The Corporate Sustainability Reporting Directive (CSRD) is transforming how thousands of businesses disclose their environmental, social, and governance (ESG) performance. The first wave of reporting under the European Union’s enhanced framework is already underway, requiring organisations to adopt Double Materiality Assessments (DMA) and align with the European Sustainability Reporting Standards (ESRS).
The CSRD extends beyond the EU, applying to non-EU companies with significant operations in the region. Its aim is to provide consistent, comparable, and verifiable sustainability data to stakeholders and investors. The directive requires businesses to integrate ESG reporting into governance, risk, and strategy processes, significantly raising expectations on transparency and accountability.
To support companies with these new requirements, Tunley Environmental will host a webinar titled “Navigating CSRD: What’s Changing and How to Get Ready” on Thursday, 11 September 2025, from 16:00 to 17:00 BST. The session will provide practical guidance on understanding CSRD’s requirements and exploring how compliance can strengthen corporate sustainability strategies.
Key topics to be addressed
- Overview of CSRD and its environmental reporting requirements
- The purpose and process of Double Materiality Assessments
- Practical insights into the five ESRS environmental standards (E1–E5)
- Steps to begin preparing for CSRD compliance
The webinar is aimed at senior leaders and teams responsible for sustainability, compliance, and finance functions. It is also relevant for organisations looking to align with global reporting trends.
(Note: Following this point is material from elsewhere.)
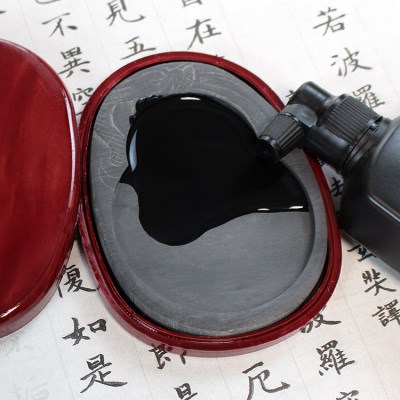 正品文房四宝砚台原石天然成人墨盘墨砚特价包邮毛笔练习套装初学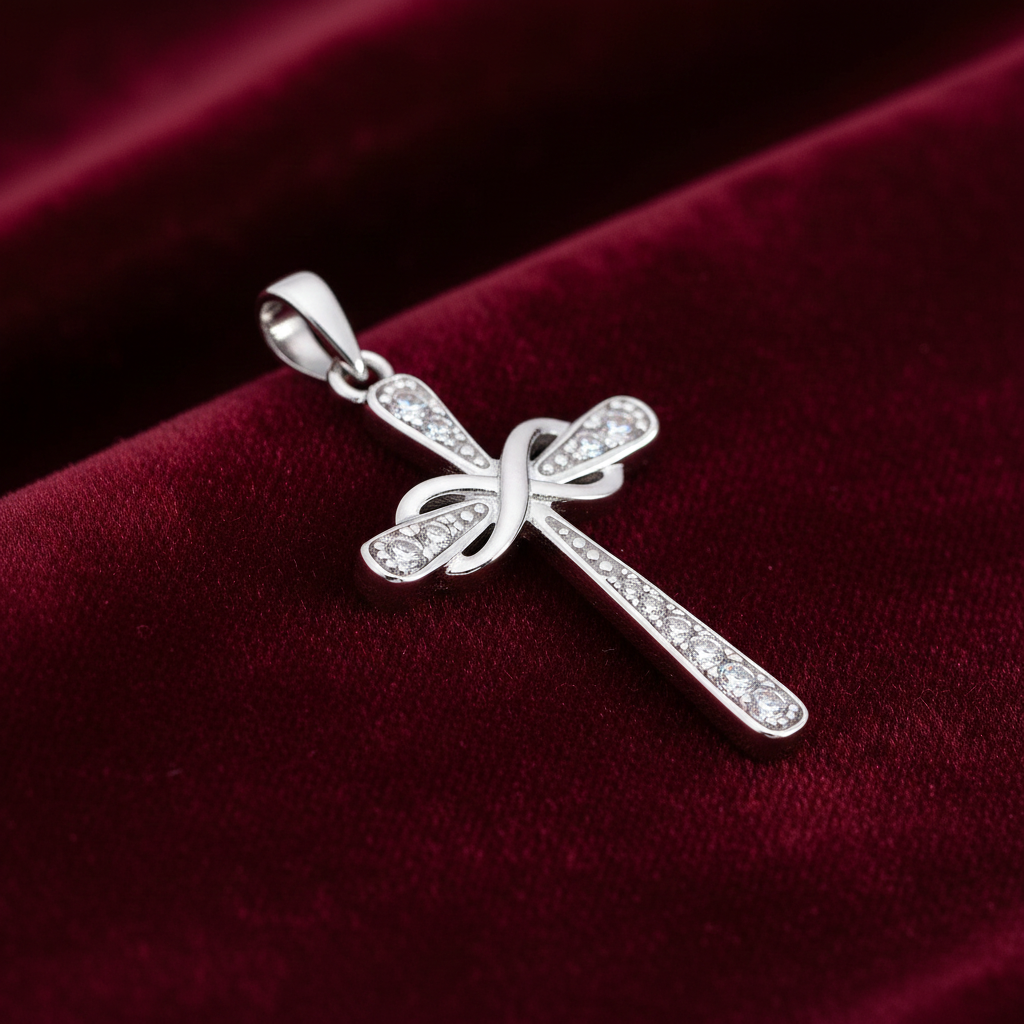Sterling Silver Infinity Cross Pendant  925 Hallmark Rhodium Finish 34mm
Dr Aaron Yeardley, Co-Head of Science at Tunley Environmental and lead presenter, said: “I am genuinely excited about the CSRD. It forces businesses to face sustainability head-on. I really like how it builds real accountability into everyday operations. It touches on all key environmental topics, yet it ensures each company focuses only on the ones that are material to their specific impacts and risks.”